Work to be completed:
Print the listing below from its opening line through the line holding "Weekeep Floral Embroidery", both ends included.
┏━━
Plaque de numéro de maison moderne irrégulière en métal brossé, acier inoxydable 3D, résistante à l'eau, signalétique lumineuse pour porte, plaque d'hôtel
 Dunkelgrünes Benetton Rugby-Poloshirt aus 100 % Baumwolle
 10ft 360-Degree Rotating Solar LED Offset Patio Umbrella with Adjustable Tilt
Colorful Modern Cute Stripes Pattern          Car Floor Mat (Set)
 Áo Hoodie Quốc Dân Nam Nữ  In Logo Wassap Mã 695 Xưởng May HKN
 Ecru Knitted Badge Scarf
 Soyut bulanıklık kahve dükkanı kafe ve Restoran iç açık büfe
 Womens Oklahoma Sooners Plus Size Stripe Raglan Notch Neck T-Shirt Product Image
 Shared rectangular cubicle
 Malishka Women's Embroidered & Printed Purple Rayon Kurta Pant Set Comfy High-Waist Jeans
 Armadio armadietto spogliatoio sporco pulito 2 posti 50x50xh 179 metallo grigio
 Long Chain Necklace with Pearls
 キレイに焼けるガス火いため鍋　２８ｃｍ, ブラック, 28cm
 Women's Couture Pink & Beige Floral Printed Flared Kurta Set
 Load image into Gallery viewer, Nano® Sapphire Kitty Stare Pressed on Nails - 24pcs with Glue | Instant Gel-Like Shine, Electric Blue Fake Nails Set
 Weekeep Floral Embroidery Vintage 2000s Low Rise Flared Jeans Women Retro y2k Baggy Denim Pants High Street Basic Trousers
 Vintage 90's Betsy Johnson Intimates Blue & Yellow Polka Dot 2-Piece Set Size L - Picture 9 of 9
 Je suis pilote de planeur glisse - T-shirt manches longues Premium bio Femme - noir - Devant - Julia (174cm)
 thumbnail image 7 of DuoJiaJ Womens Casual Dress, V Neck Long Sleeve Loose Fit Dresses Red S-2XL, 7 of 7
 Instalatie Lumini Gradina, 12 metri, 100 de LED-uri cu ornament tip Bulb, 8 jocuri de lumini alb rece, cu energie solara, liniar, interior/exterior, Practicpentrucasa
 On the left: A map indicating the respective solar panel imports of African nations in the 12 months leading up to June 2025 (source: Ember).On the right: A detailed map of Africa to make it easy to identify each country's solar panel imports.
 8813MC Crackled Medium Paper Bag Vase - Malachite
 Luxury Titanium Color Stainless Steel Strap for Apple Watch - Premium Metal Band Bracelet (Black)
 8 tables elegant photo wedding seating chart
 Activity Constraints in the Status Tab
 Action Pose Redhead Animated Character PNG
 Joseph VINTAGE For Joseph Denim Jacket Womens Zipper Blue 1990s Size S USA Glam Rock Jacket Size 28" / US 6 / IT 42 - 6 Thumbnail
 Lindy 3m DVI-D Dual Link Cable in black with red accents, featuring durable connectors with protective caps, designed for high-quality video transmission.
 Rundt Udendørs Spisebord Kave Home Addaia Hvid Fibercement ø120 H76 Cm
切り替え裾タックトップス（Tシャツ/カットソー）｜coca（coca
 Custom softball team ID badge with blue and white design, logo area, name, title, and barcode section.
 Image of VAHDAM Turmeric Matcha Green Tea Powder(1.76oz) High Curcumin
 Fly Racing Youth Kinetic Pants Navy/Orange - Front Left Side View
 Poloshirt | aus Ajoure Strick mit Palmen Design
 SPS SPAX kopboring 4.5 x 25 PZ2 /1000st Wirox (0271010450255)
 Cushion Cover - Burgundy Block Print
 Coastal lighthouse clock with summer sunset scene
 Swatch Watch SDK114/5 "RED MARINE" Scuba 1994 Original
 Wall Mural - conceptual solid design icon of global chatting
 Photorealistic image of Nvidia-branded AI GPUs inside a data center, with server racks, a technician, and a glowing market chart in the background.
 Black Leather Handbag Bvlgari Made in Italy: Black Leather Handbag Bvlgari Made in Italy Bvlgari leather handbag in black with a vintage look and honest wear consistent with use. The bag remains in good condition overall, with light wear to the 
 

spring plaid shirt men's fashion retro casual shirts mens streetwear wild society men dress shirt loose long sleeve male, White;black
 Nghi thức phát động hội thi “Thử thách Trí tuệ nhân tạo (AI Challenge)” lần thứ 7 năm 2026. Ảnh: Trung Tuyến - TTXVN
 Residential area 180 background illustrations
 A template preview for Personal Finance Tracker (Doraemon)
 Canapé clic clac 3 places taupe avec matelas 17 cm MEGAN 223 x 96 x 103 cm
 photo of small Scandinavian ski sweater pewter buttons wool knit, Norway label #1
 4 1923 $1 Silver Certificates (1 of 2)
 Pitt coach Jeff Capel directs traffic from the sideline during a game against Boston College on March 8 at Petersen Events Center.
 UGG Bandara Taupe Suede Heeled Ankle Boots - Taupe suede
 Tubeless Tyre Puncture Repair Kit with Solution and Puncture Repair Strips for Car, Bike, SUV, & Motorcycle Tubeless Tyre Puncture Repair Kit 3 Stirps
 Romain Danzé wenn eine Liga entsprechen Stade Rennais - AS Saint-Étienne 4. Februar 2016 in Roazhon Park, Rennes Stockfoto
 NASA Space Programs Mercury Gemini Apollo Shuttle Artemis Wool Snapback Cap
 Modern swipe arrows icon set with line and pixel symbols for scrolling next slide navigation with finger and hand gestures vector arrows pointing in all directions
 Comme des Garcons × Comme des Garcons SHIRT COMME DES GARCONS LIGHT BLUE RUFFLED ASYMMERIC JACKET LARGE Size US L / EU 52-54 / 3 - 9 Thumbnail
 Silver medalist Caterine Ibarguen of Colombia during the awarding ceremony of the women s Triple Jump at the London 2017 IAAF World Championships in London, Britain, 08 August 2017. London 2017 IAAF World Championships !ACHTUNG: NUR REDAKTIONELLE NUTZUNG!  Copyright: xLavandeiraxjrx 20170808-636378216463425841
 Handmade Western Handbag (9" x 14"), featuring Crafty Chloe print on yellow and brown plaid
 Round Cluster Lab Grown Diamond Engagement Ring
┗━━
Reply:
Plaque de numéro de maison moderne irrégulière en métal brossé, acier inoxydable 3D, résistante à l'eau, signalétique lumineuse pour porte, plaque d'hôtel
 Dunkelgrünes Benetton Rugby-Poloshirt aus 100 % Baumwolle
 10ft 360-Degree Rotating Solar LED Offset Patio Umbrella with Adjustable Tilt
Colorful Modern Cute Stripes Pattern          Car Floor Mat (Set)
 Áo Hoodie Quốc Dân Nam Nữ  In Logo Wassap Mã 695 Xưởng May HKN
 Ecru Knitted Badge Scarf
 Soyut bulanıklık kahve dükkanı kafe ve Restoran iç açık büfe
 Womens Oklahoma Sooners Plus Size Stripe Raglan Notch Neck T-Shirt Product Image
 Shared rectangular cubicle
 Malishka Women's Embroidered & Printed Purple Rayon Kurta Pant Set Comfy High-Waist Jeans
 Armadio armadietto spogliatoio sporco pulito 2 posti 50x50xh 179 metallo grigio
 Long Chain Necklace with Pearls
 キレイに焼けるガス火いため鍋　２８ｃｍ, ブラック, 28cm
 Women's Couture Pink & Beige Floral Printed Flared Kurta Set
 Load image into Gallery viewer, Nano® Sapphire Kitty Stare Pressed on Nails - 24pcs with Glue | Instant Gel-Like Shine, Electric Blue Fake Nails Set
 Weekeep Floral Embroidery Vintage 2000s Low Rise Flared Jeans Women Retro y2k Baggy Denim Pants High Street Basic Trousers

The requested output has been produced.